According to economic theory, the trade deficit is detrimental to a country and trade surplus is a good sign and it suggests that country is doing well. But economists have diverged views about trade deficit as some thinks that higher imports mean public of importing country will have access to quality products, and it will also increase competitiveness and improvement of quality in the domestic market.
So, we will analyze various economic factors and how trade imbalance affects them.
1. Unemployment: It can be said that higher imports will lead to job loss for the importing country. If a country is importing instead of producing the goods in the domestic market, then there is less job situation.
How these two countries have fared against this factor-
USA: Even though the US has a trade deficit for a long time, they have been able to manage the unemployment level at the manageable situation. So the US is apparently defying the theory that trade deficit will lead to higher unemployment
Germany: Germany has shown trade surplus for many years, and it has been able to keep unemployment level at a lower level, it follows the theory and has a lower level as compared to the USA for many years.

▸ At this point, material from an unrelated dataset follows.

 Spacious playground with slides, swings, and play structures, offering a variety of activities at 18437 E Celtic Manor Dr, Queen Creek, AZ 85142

2.Interest rates: If a country has a trade deficit then it should ideally let the currency depreciate or devalue it to make exports attractive. So, this situation will lead to higher inflation as the value of the currency is lesser and this will force the central banks to raise the interest rates.
USA: The US has again defied this theory and show a lower level of interest rates for a longer period.

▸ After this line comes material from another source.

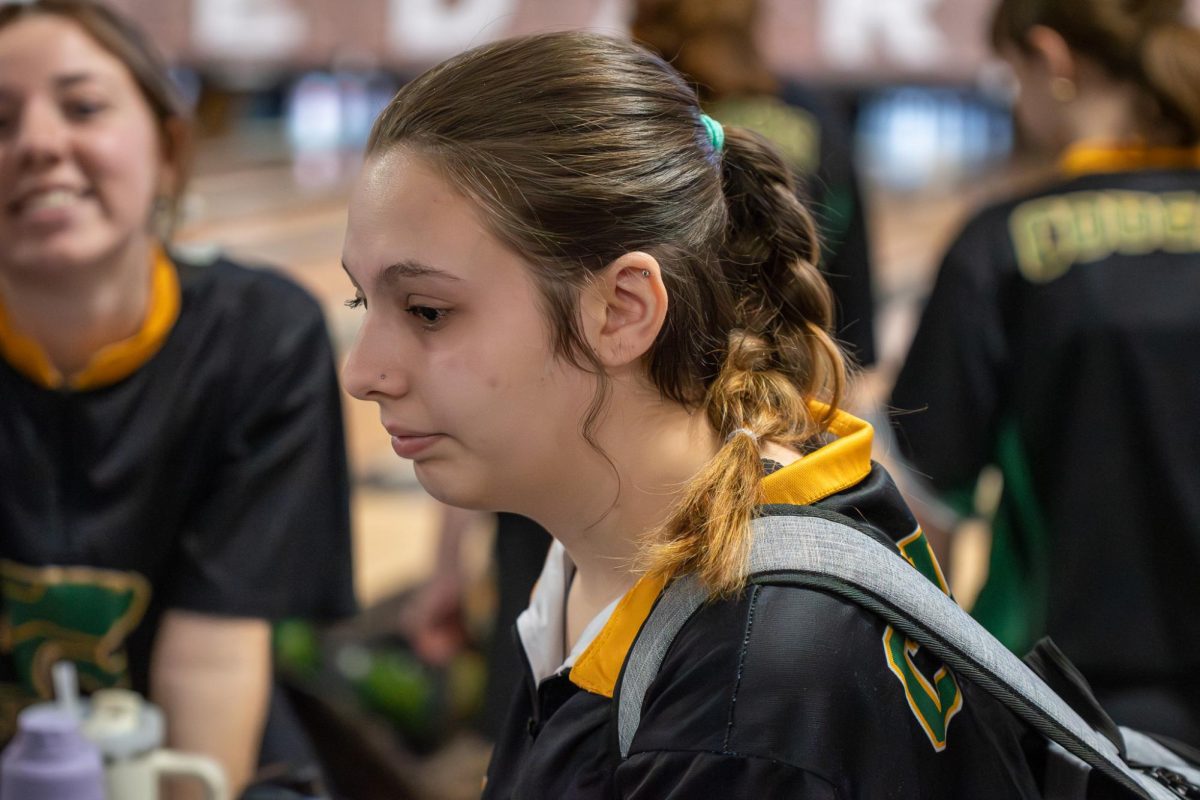 Senior Lily Bader, surrounded by teammates, reflects on her previous throw.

Germany: Germany as well as other European countries have lower rates and follow this theory.
3.Exchange rate: Ideally counties having trade deficit should exhibit depreciation of currency and trade surplus countries should have a higher value of the currency. So according to this theory, the US should have a lower value of the currency, but that is not the case as the dollar has strengthened and remained relatively stable over a more extended period.
It can be said that inherently trade surplus is better as compared to trade deficit situation but as we have seen that the US has defied this theory, but not all country can show similar characteristics. The USD is the most important currency, and this is also helping in many ways.
So, In conclusion, we can say that trade imbalance (deficit or surplus) can be country-specific.